Abstract We present an instructional approach to teaching causal inference using Bayesian networks and do-Calculus, which requires less prerequisite knowledge of statistics than existing approaches and can be consistently implemented in beginner to advanced levels courses. Moreover, this approach aims to address the central question in causal inference with an emphasis on probabilistic reasoning and causal assumption. It also reveals the relevance and distinction between causal and statistical inference.
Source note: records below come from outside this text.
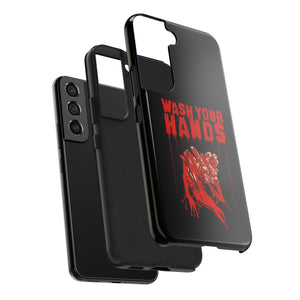 Wash Your Hands Tough Phone Case (iPhone & Samsung)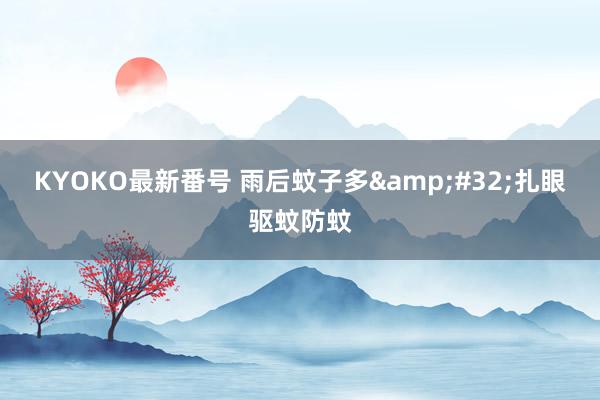 KYOKO最新番号 雨后蚊子多&#32;扎眼驱蚊防蚊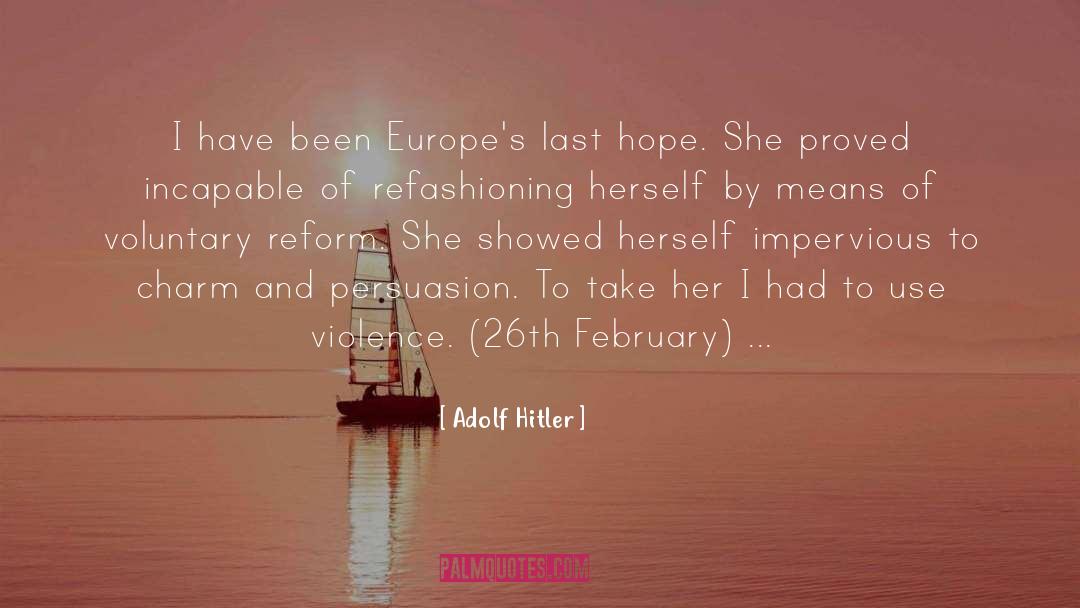 Impervious quotes by Adolf Hitler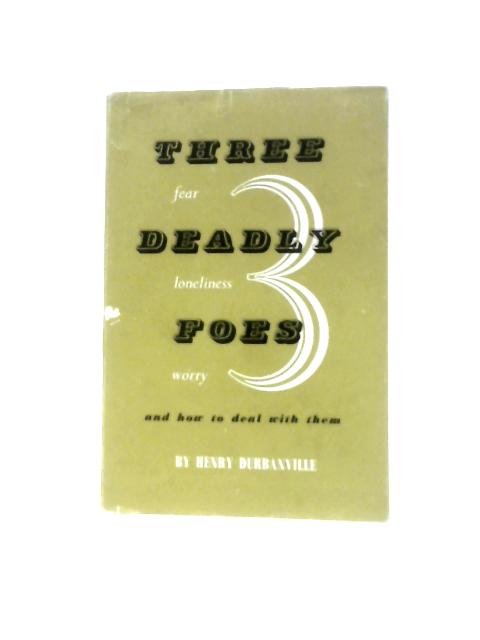 Three Deadly Foes And How To Deal With Them By Henry Durbanville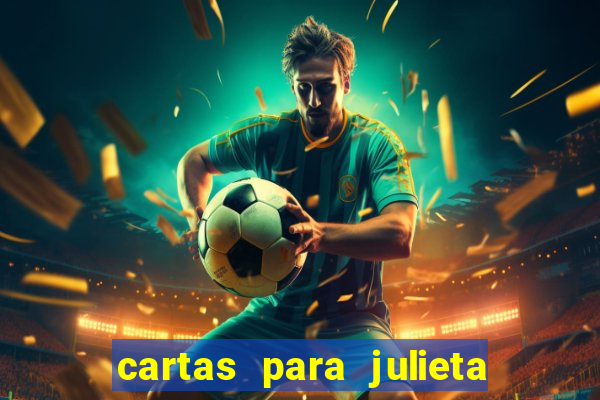 cartas para julieta download dublado hd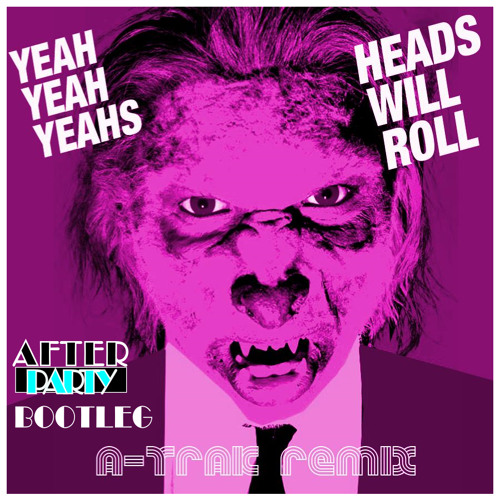 yeah yeah yeahs heads will roll mp3 yeah yeah yeahs heads will roll mp3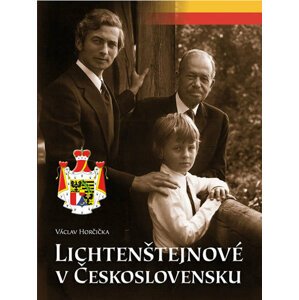 Lichtenštejnové v Československu -  Doc. PhDr. Václav Horčička Ph.D.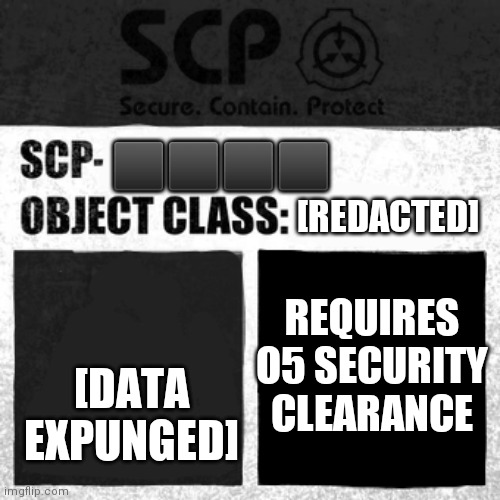 SCP Label Template: Apollyon | ⬛⬛⬛⬛; [REDACTED]; [DATA EXPUNGED]; REQUIRES O5 SECURITY CLEARANCE | image tagged in scp label template apollyon,redacted,data expunged | made w/ Imgflip meme maker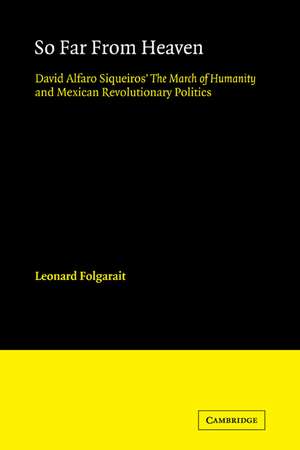 So Far from Heaven: David Alfaro Siqueiros' The March of Humanity and Mexican Revolutionary Politics de Leonard Folgarait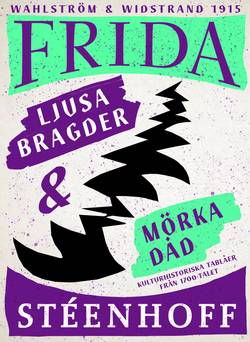 Ljusa bragder och mörka dåd : Kulturhistoriska tablåer från 1700-talet.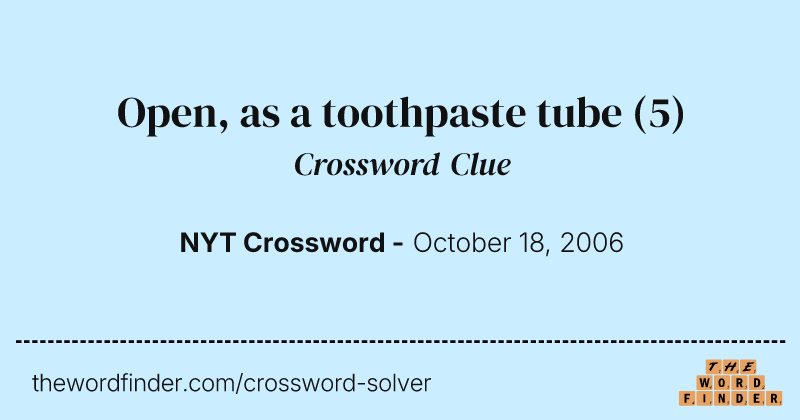 Open, as a toothpaste tube crossword clue image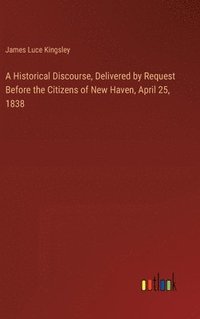 bokomslag A Historical Discourse, Delivered by Request Before the Citizens of New Haven, April 25, 1838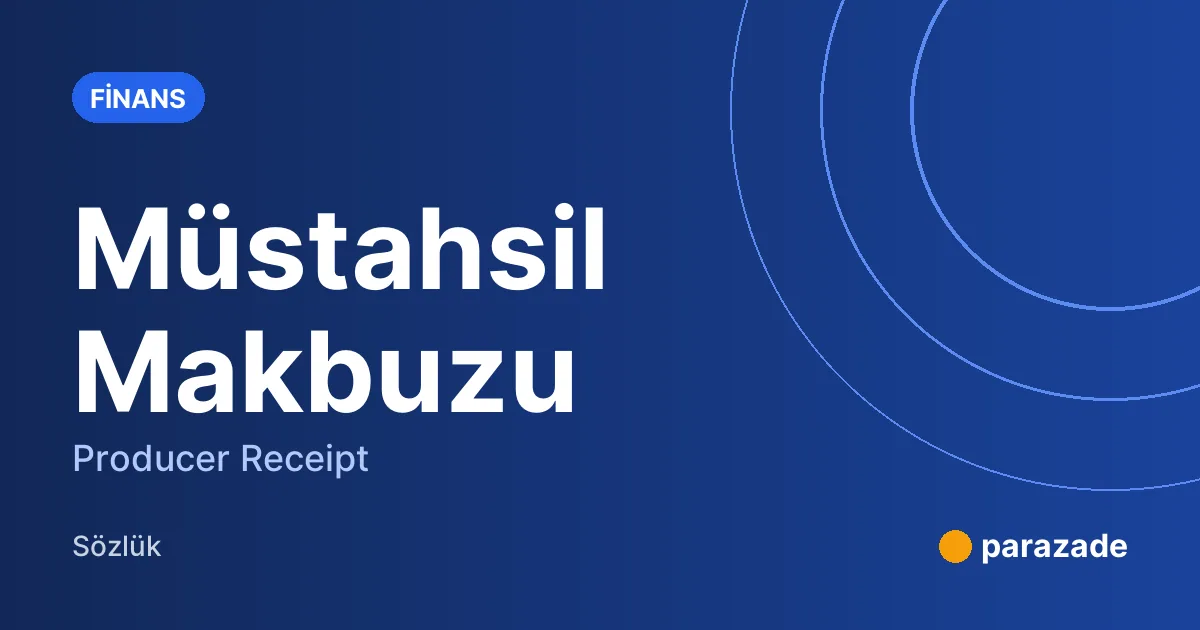 Müstahsil Makbuzu nedir?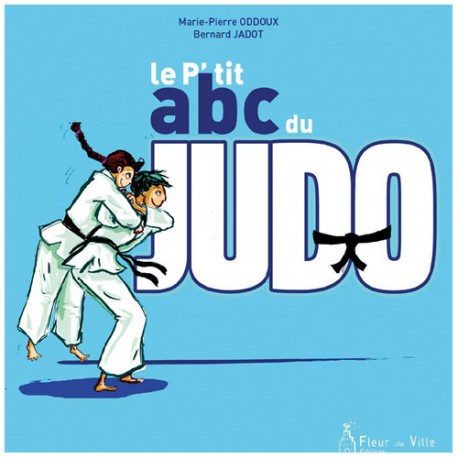 Le P'tit abc du Judo - Oddoux & Jadot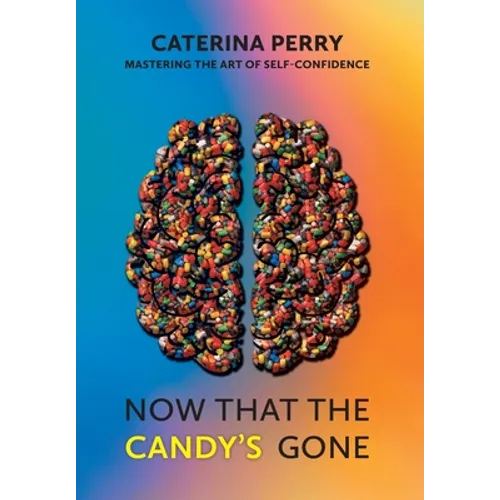 Now That the Candy's Gone: Mastering the Art of Self-Confidence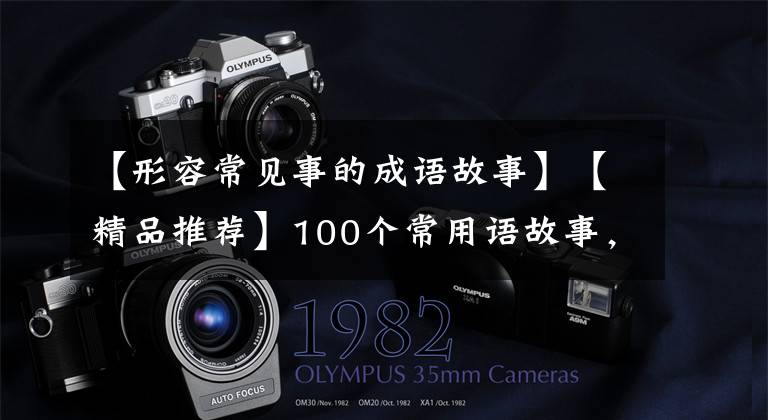 【形容常见事的成语故事】【精品推荐】100个常用语故事,了解历史可以提高文采,可以慢慢记住。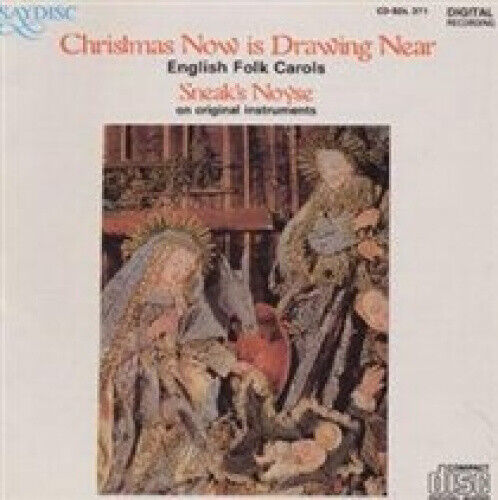 Christmas Now is Drawing Near / Sneak's Noyse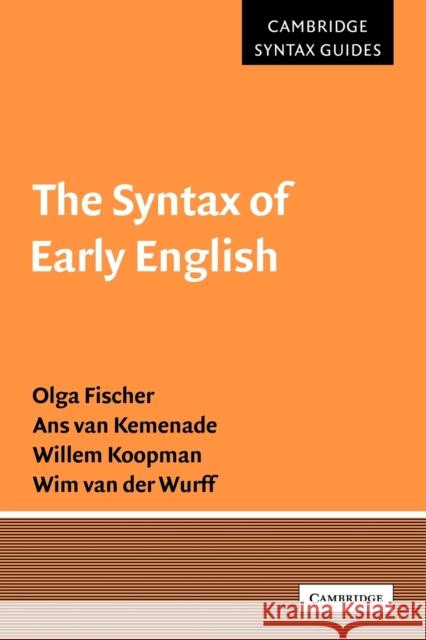 The Syntax of Early English Olga Fischer Ans Van Kemenade 9780521556262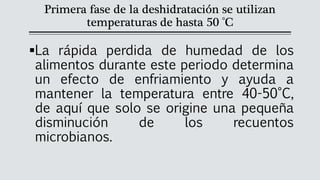 Primera fase de la deshidratación se utilizan
temperaturas de hasta 50 °C
▪La rápida perdida de humedad de los
alimentos durante este periodo determina
un efecto de enfriamiento y ayuda a
mantener la temperatura entre 40-50°C,
de aquí que solo se origine una pequeña
disminución de los recuentos
microbianos.
 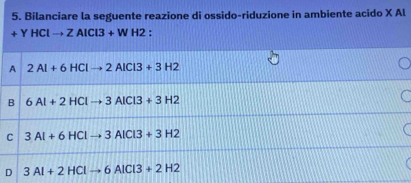 Bilanciare la seguente reazione di ossido-riduzione in ambiente acido X Al
+YHClto ZAlCl3+WH2 *
A 2Al+6HClto 2AlCl3+3H2
B 6Al+2HClto 3AlCl3+3H2
C 3Al+6HClto 3AlCl3+3H2
D 3Al+2HClto 6AlCl3+2H2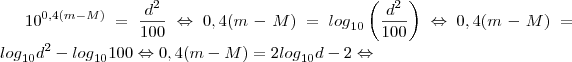 {10}^{0,4(m-M)}=\frac{{d}^{2}}{100}\Leftrightarrow
0,4(m-M)={log}_{10}\left(\frac{{d}^{2}}{100} \right)\Leftrightarrow
0,4(m-M)={log}_{10}{d}^{2}-{log}_{10}100\Leftrightarrow
0,4(m-M)=2{log}_{10}d-2\Leftrightarrow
Using a freeware tool, we demonstrate our approach with five examples that instructors can use to introduce students at different levels to the conception of causality, motivate them to learn more concepts for causal inference, and demonstrate practical applications of causal inference. We also provide detailed suggestions on using the five examples in the classroom.
利用贝叶斯网络和do-Calculus引入因果推理
我们提出了一种使用贝叶斯网络和do-Calculus来教授因果推理的教学方法,它比现有方法需要更少的统计学知识,并且可以在初级到高级课程中一致实施。此外,这种方法旨在解决因果推理的中心问题,强调概率推理和因果假设。它还揭示了因果推理和统计推理之间的相关性和区别。使用免费软件工具,我们用五个例子展示了我们的方法,教师可以使用这些例子向不同层次的学生介绍因果关系的概念,激励他们学习更多因果推理的概念,并展示因果推理的实际应用。我们还提供了在课堂上使用这五个例子的详细建议。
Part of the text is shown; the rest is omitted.